▶ Dataset content
***

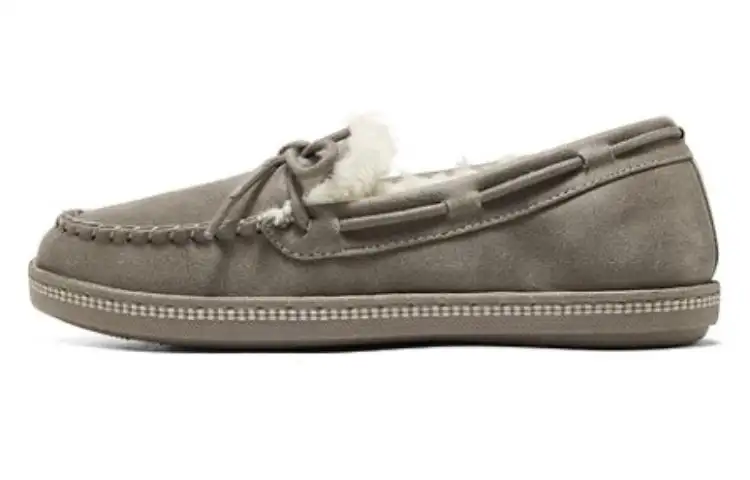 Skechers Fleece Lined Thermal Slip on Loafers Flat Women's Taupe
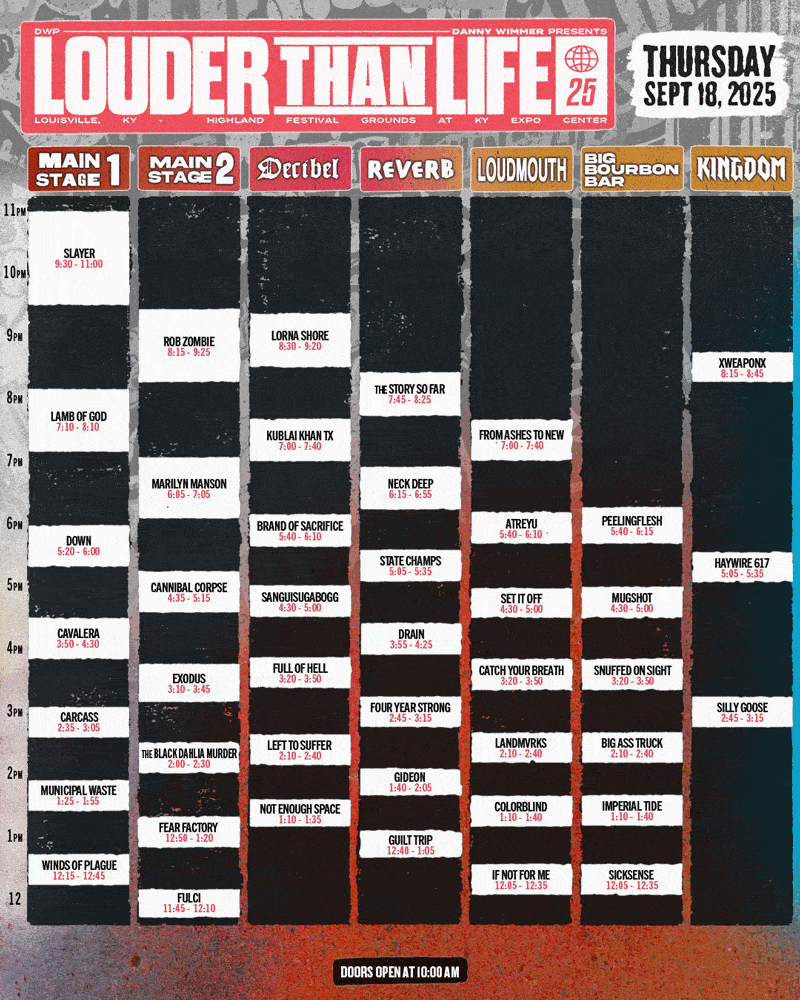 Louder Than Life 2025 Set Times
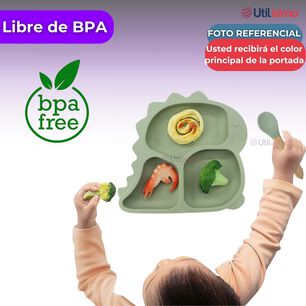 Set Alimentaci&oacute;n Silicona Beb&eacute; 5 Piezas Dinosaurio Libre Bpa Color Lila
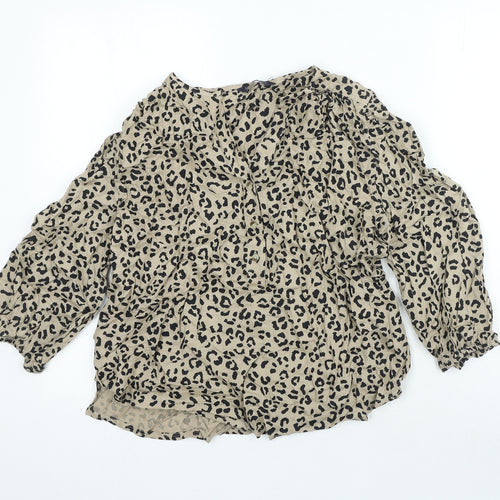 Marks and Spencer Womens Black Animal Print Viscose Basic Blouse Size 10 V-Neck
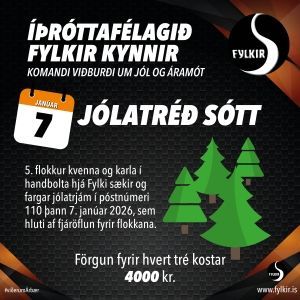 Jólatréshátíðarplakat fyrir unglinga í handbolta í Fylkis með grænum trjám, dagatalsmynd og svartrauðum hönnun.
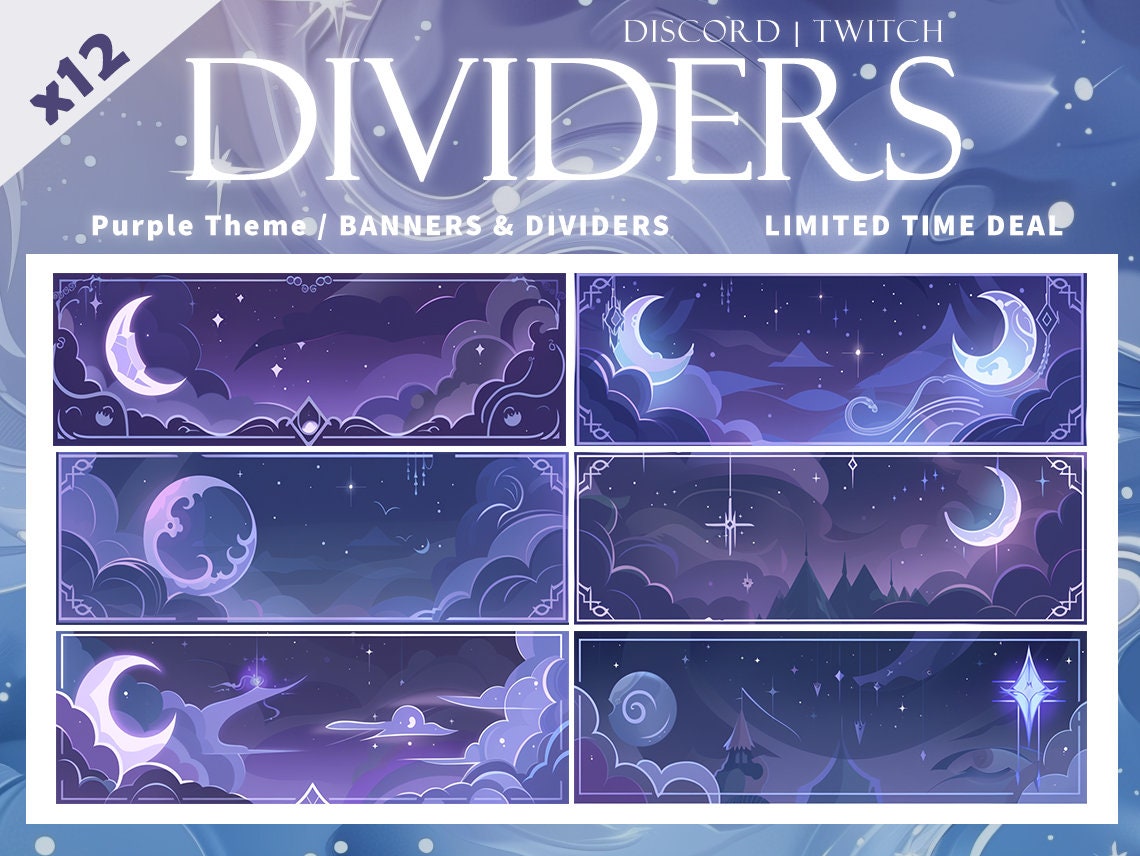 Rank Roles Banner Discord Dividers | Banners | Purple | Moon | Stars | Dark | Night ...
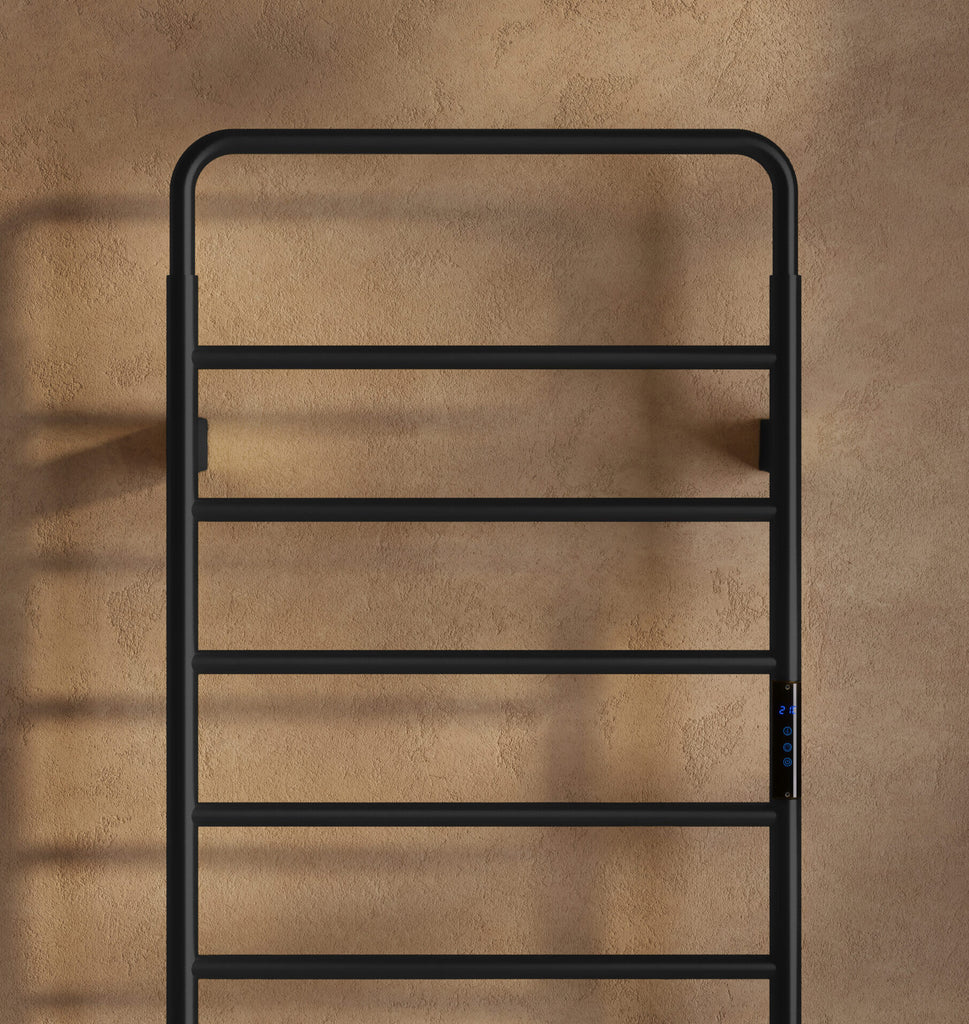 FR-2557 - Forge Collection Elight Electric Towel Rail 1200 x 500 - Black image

***

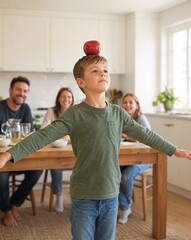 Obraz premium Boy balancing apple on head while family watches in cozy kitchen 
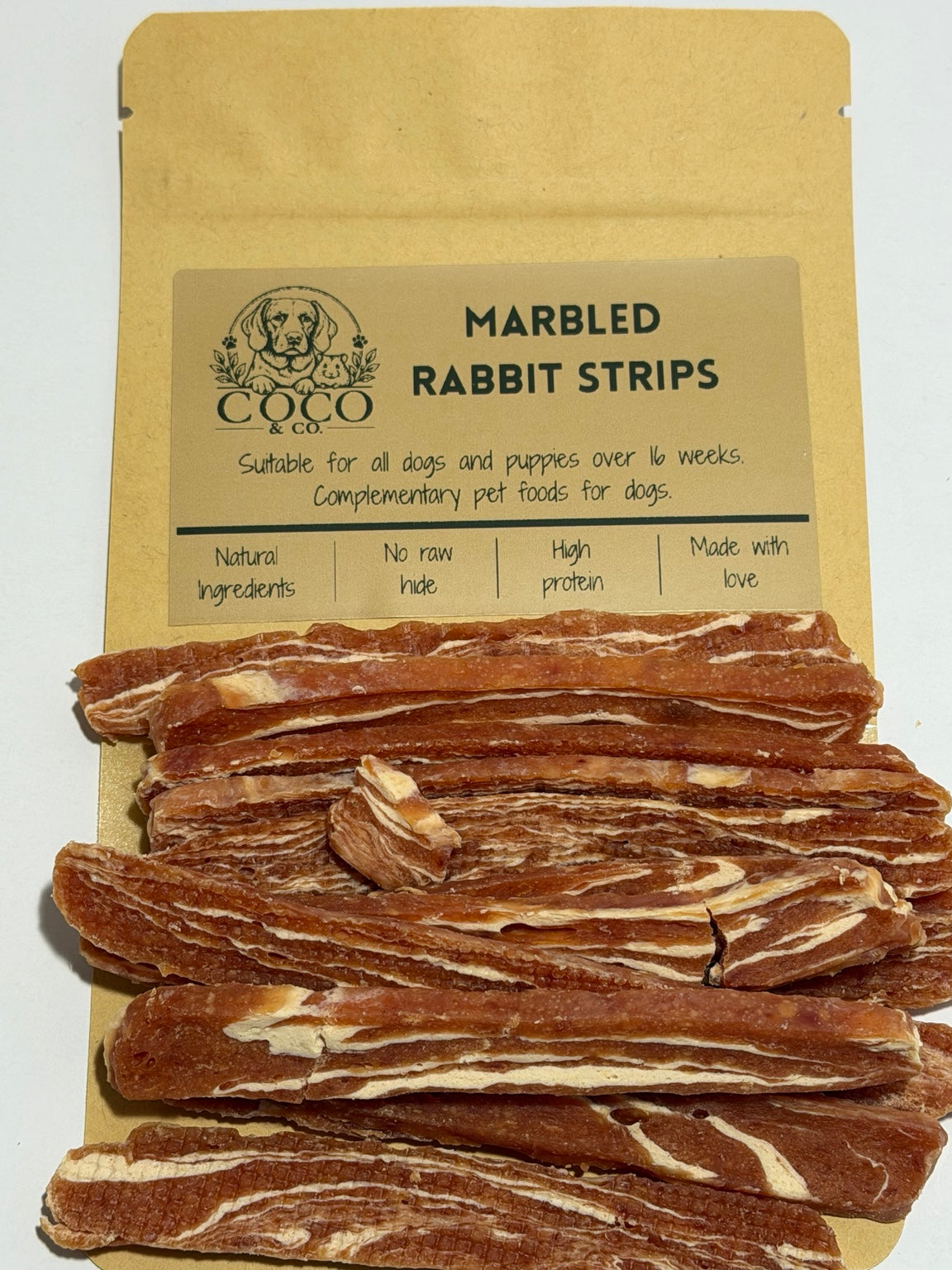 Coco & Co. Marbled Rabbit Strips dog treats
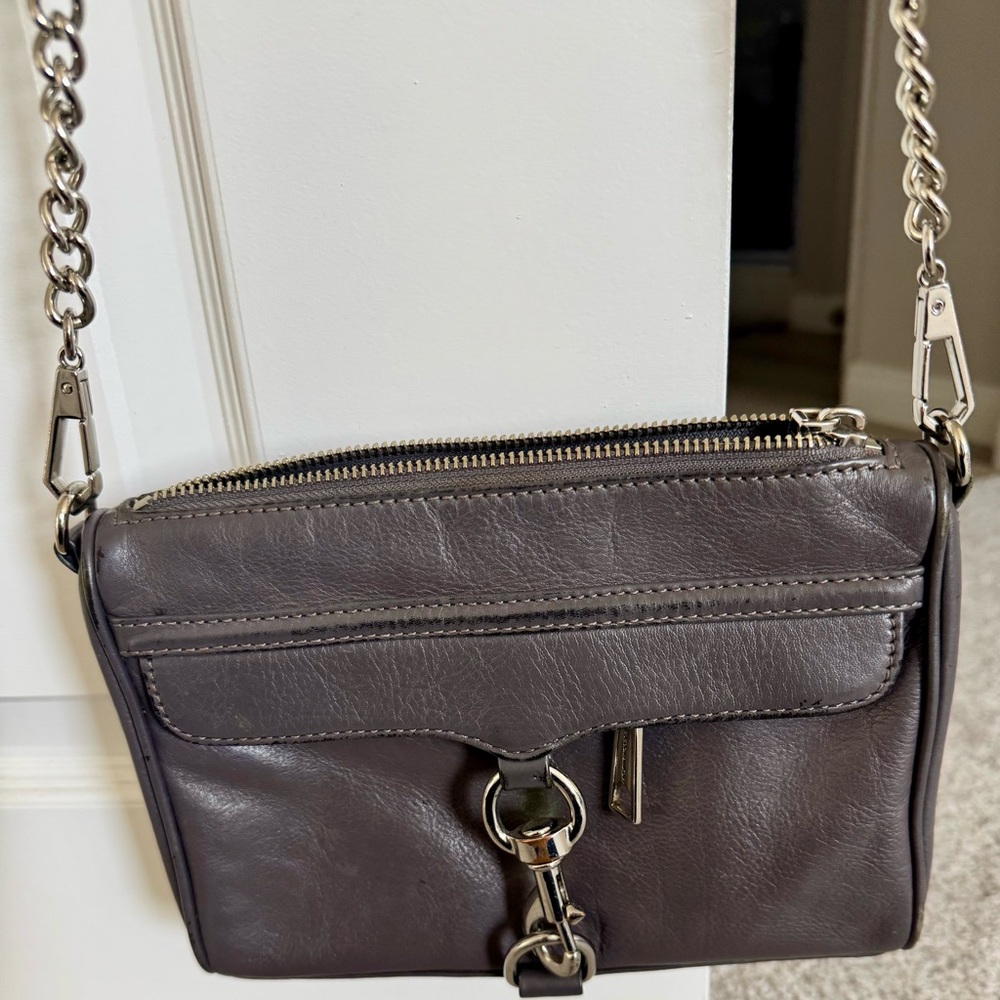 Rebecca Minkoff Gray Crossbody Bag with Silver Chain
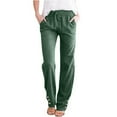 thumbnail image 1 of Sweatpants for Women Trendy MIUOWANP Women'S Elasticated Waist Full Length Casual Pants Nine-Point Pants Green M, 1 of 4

***

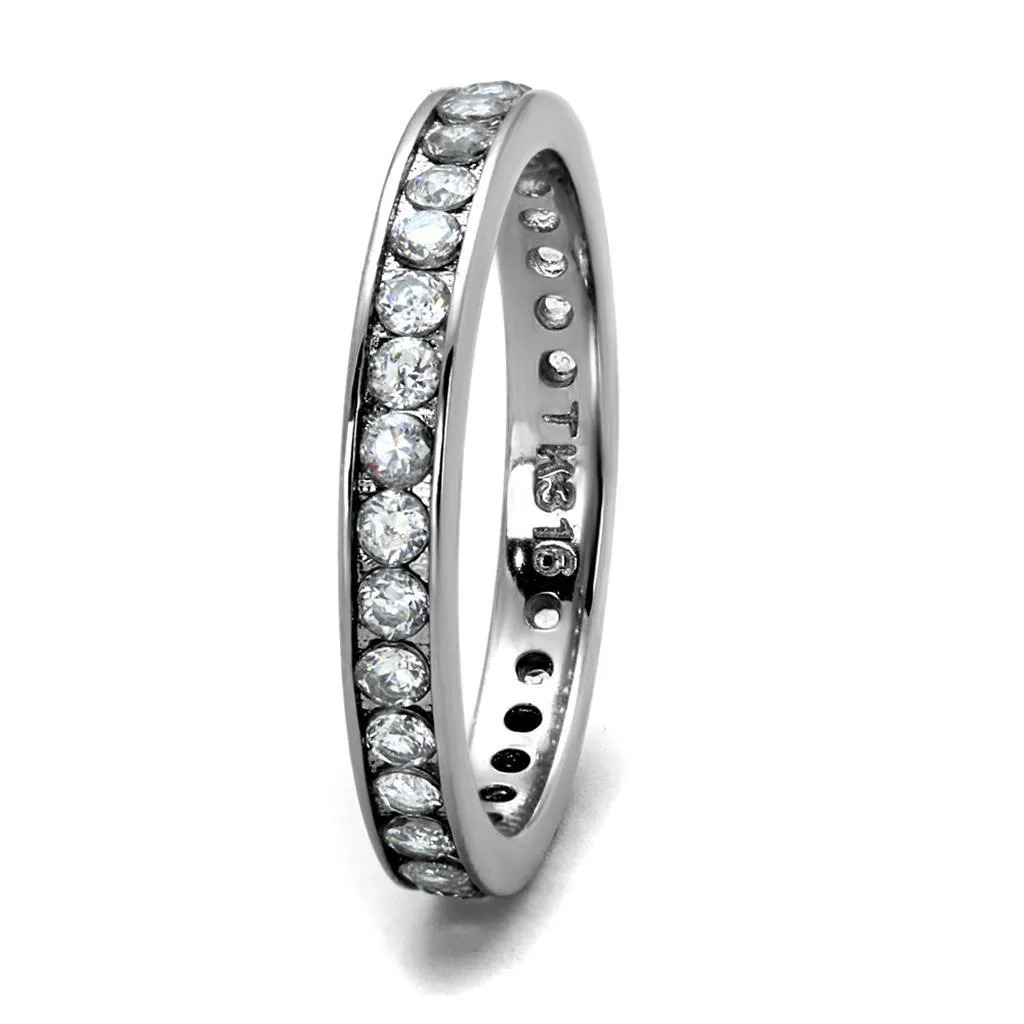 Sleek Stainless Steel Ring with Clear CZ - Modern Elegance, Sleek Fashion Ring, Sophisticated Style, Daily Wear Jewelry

***

▶ Exercise instructions
Reproduce the data above exactly, but only the lines from the one showing "Skechers Fleece Lined" through the one showing "FR-2557 - Forge", with both ends kept and the pictures left out.

▶ Answer space
 Skechers Fleece Lined Thermal Slip on Loafers Flat Women's Taupe
 Louder Than Life 2025 Set Times
 Set Alimentaci&oacute;n Silicona Beb&eacute; 5 Piezas Dinosaurio Libre Bpa Color Lila
 Marks and Spencer Womens Black Animal Print Viscose Basic Blouse Size 10 V-Neck
 Jólatréshátíðarplakat fyrir unglinga í handbolta í Fylkis með grænum trjám, dagatalsmynd og svartrauðum hönnun.
 Rank Roles Banner Discord Dividers | Banners | Purple | Moon | Stars | Dark | Night ...
 FR-2557 - Forge Collection Elight Electric Towel Rail 1200 x 500 - Black image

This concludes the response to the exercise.